(Source data Opens)

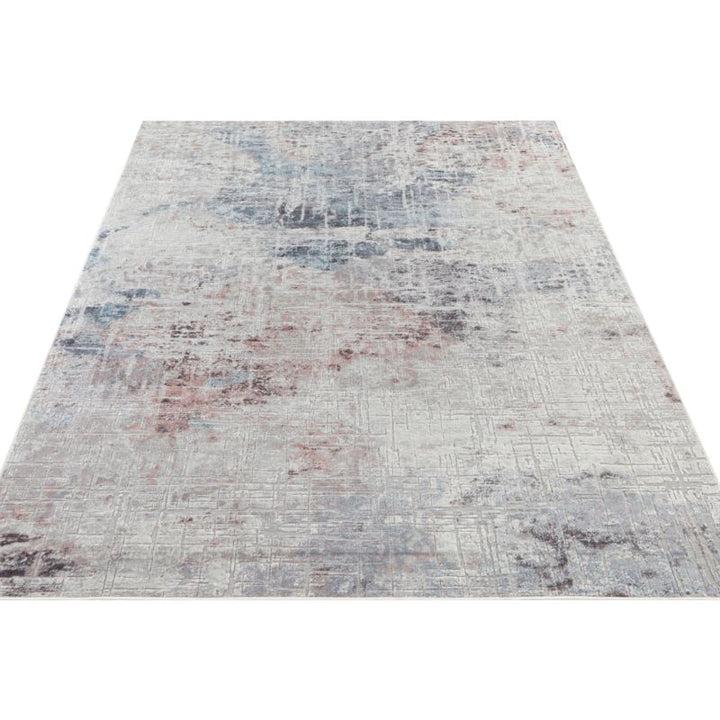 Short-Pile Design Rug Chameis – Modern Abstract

(Source data Closes)
(Source data Opens)

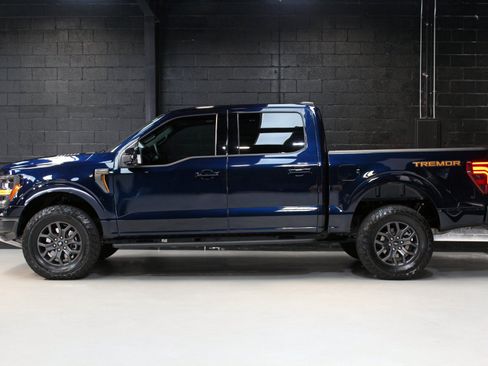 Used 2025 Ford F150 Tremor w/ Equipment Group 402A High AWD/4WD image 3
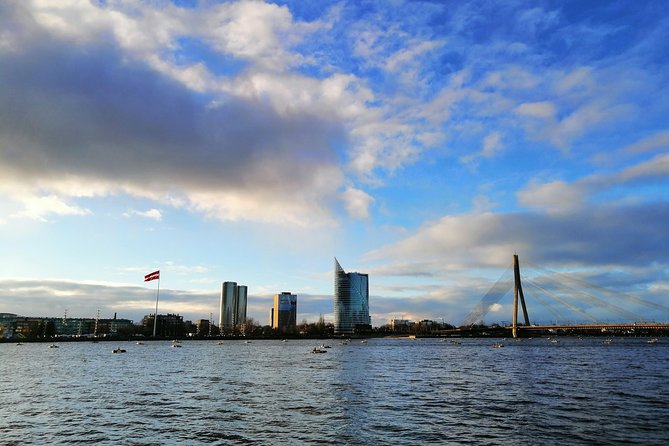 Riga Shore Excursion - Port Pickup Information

(Source data Closes)

• Task directions: Of the lines above, quote exactly those from the one with "Used 2025 Ford" through the one with "Riga Shore Excursion", ends included; pictures stay out.

• Solution for this exercise:
 Used 2025 Ford F150 Tremor w/ Equipment Group 402A High AWD/4WD image 3
 Riga Shore Excursion - Port Pickup Information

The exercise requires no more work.